Prout, SAMUEL, painter in water-colours, was born at Plymouth, 17th September 1783. He studied from nature, and sketched with Haydon through Devon and Cornwall, his drawings in the latter county being made for Britton's Beauties of England and Wales. In 1805 he removed to London, in 1815 was elected to the Water-colour Society, and in 1818 went to Rouen by Havre. The picturesque street-architecture and fine Gothic remains there made so strong an impression on his mind that afterwards his principal works were those in which architecture had a prominent place; and from time to time, in his after-career, he made excursions, ransacking every corner of France, Germany, the Netherlands, and Italy for picturesque architectural remains. Prout's name should be dear to all artists and amateurs, for there are few who have not been incited or instructed by his numerous elementary drawing-books, in the slightest of which talent and feeling for art are conspicuous. His water-colour drawings are characterised by decision in handling, great breadth, and clear and pleasing colouring. He died February 9, 1852.
See Ruskin's Memoir of Prout in Art Journal (1852); and his Notes on the Loan Collection of Drawings by Prout and Wm. Hunt (1879-80).
Provençal Language and Literature.
The Provençal language is one of the six principal branches of Latin speech, usually classified by philologists under the title Romance languages. The name Provençal, which appears to be derived from the Provincia Romana of Cæsar, was not used in the earlier middle ages except in the restricted sense of the language or dialect of Provence proper. The troubadours themselves used the term lengua romana (or lo romans). The term langue d'oc was also known in the middle ages, but was afterwards transferred to designate a province of France. The Provençal and other Neo-Latin idioms existed as dialects of the Latin previous to the Germanic invasions, having replaced the ancient languages of Gaul. Although the Provençal and the northern French had originally sprung from the same stock, they had gradually grown distinct from one another, until at the time of the troubadours they differed almost as widely as French and Italian. The Provençal language at the time of the troubadours extended far beyond the boundaries of Provence proper. It extended over the area from the Alps to the Pyrenees and the Mediterranean to the Loire. Beyond France it was known in the east of Spain—in Catalonia and Aragon, and in the Balearic Isles—also in Savoy, Piedmont, and part of Switzerland.

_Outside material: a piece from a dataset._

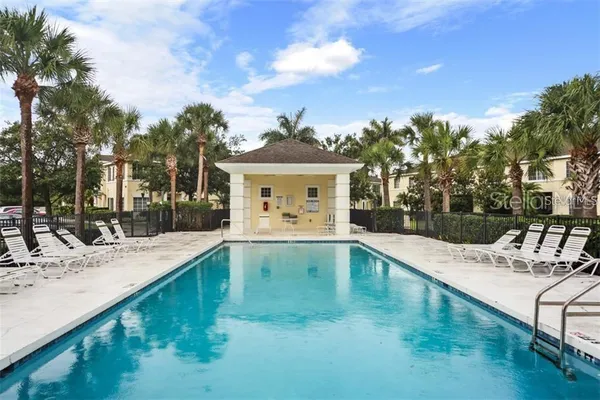 a view of a house with pool and sitting area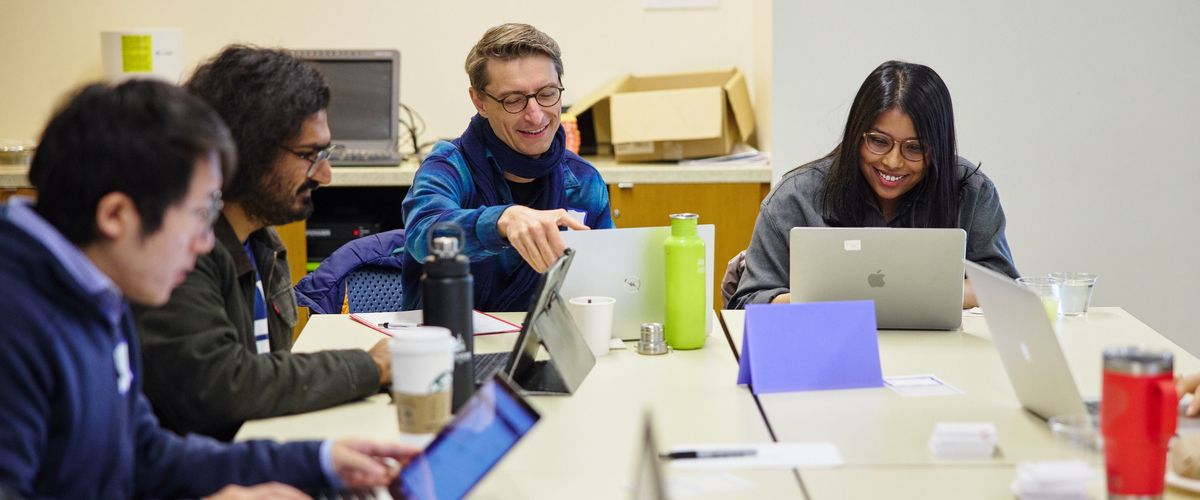 Smiling students chat as they work together on their laptops.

The pure Provençal idiom, in which the poets of the 12th century sang, was used by the higher classes over the whole of the district referred to, but the bulk of the people knew only their own dialects—viz. the Provençal (proper), Piedmontese, Gascon, and Catalan, all of which differed but slightly from one another. At the end of the 13th century, consequent upon the establishment of the French domination in the south and the introduction of the northern French language, the literary Provençal began rapidly to disappear, while the vulgar dialects still remained; and it was in them that the compositions of the later middle ages were written. The Provençal language was more highly inflected than any of the other Neo-Latin languages, and was the earliest of these to be fixed grammatically. It was highly adapted for lyric poetry, owing to its melodiousness and its rhyming facilities. The grammarian Vidal referring to it says: 'La parladura francesca val mais et es plus avineus a far romanç et pasturellas, mas cella de Lemosin val mais per far vers et cansons et sirventes' (The
French speech is better and more suited for making epics and pastourelles, whilst that of Lemosin [i.e. the Provençal] is better for making love-songs and satires). In the modern Provençal dialects there is to be noted chiefly a greater simplicity of inflections and grammatical forms and a large admixture of French words.
The first employment of the Provençal language in writing dates back to about the 9th century. The few specimens that survive are mostly writings in Latin, but mixed more or less with Provençal words and phrases. It is to the priests and monks that are most probably due the earliest attempts at composition in the Provençal language. In order to arouse the religious sympathies of the people they composed or translated from the Latin into the vulgar idiom pious tales, allegories, legends of saints, &c. There were also introduced into the liturgy, along with the prayers and hymns in pure Latin, others in the popular dialect. In 813 at the councils of Arles, Mainz, and Tours preaching in the popular language was recommended to the clergy. Towards the close of the 11th century a revival took place in Provençal poetry consequent upon the religious wars of the Crusades and the introduction of the institution of chivalry. The influence of the Moors of Spain undoubtedly, too, had its effect in the development of Provençal poetry and culture. The poetry of mediæval Provence has much in common with that of the Moors.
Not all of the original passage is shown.